#### Task to complete:
Would you restate each line of the data below word for word, without its pictures?

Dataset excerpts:
§
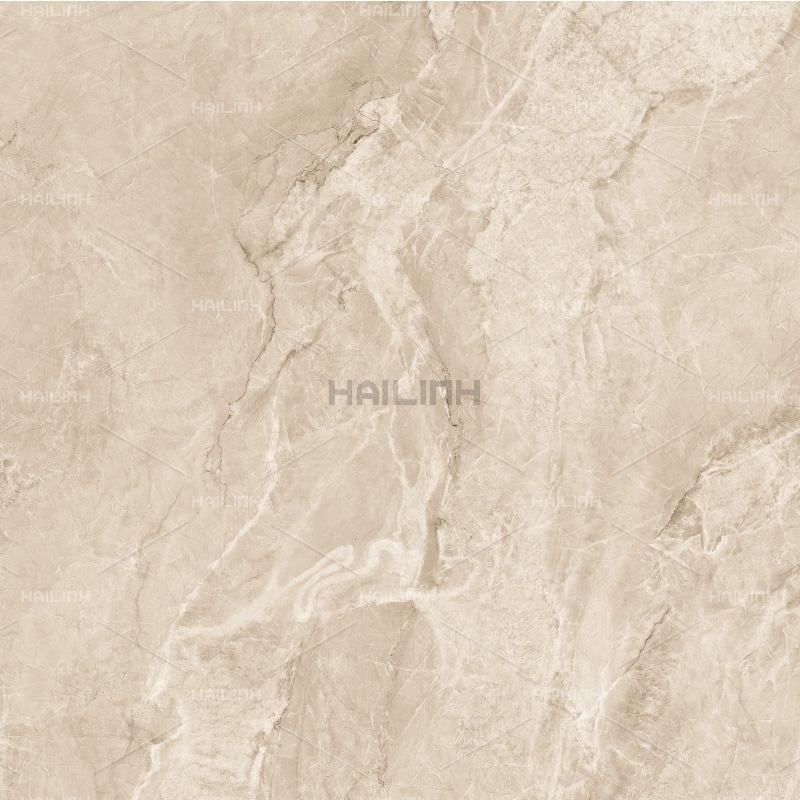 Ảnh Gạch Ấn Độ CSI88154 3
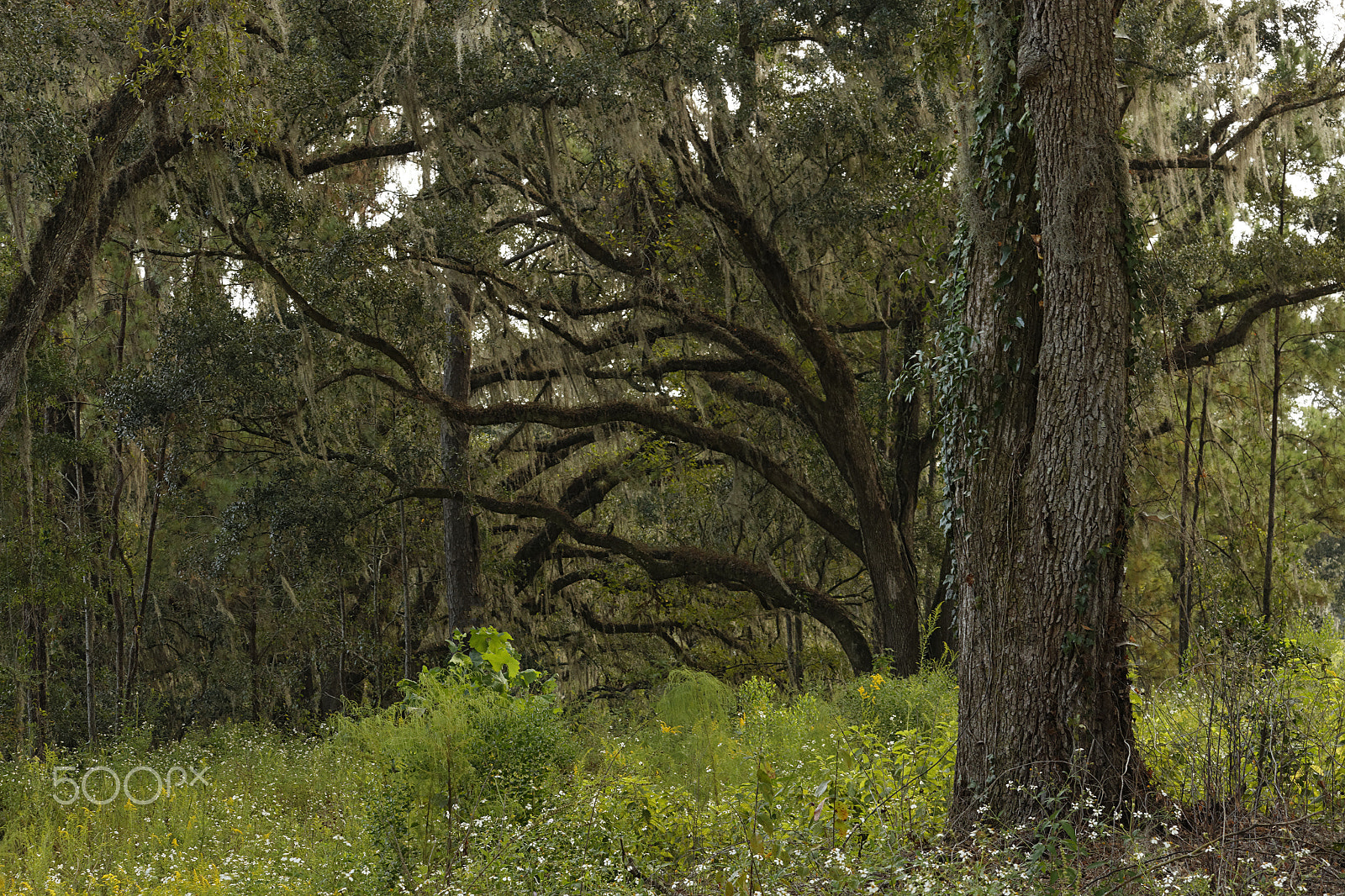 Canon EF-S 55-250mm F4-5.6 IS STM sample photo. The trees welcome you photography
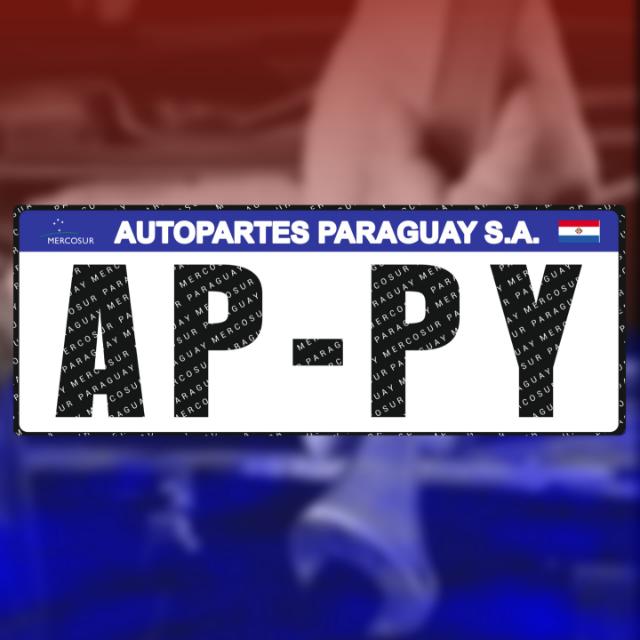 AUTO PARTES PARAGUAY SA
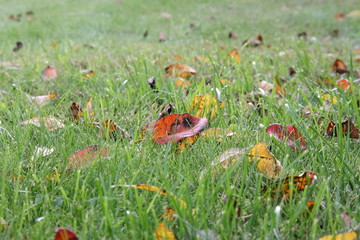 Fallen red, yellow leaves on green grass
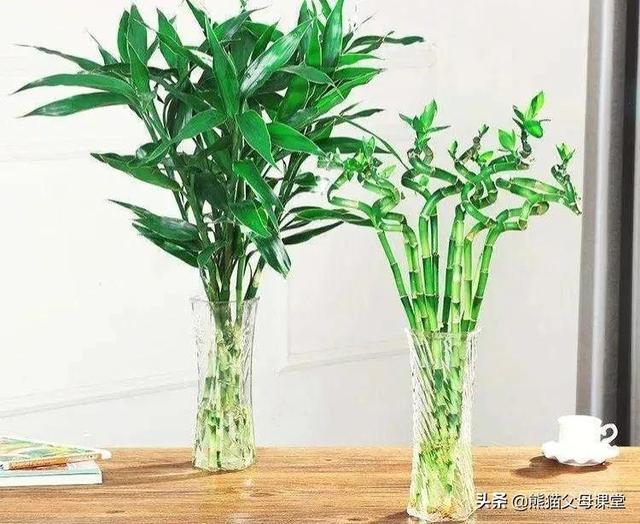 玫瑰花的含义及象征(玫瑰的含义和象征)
§
#### Result:
 Ảnh Gạch Ấn Độ CSI88154 3
 Canon EF-S 55-250mm F4-5.6 IS STM sample photo. The trees welcome you photography
 AUTO PARTES PARAGUAY SA
 Fallen red, yellow leaves on green grass
 玫瑰花的含义及象征(玫瑰的含义和象征)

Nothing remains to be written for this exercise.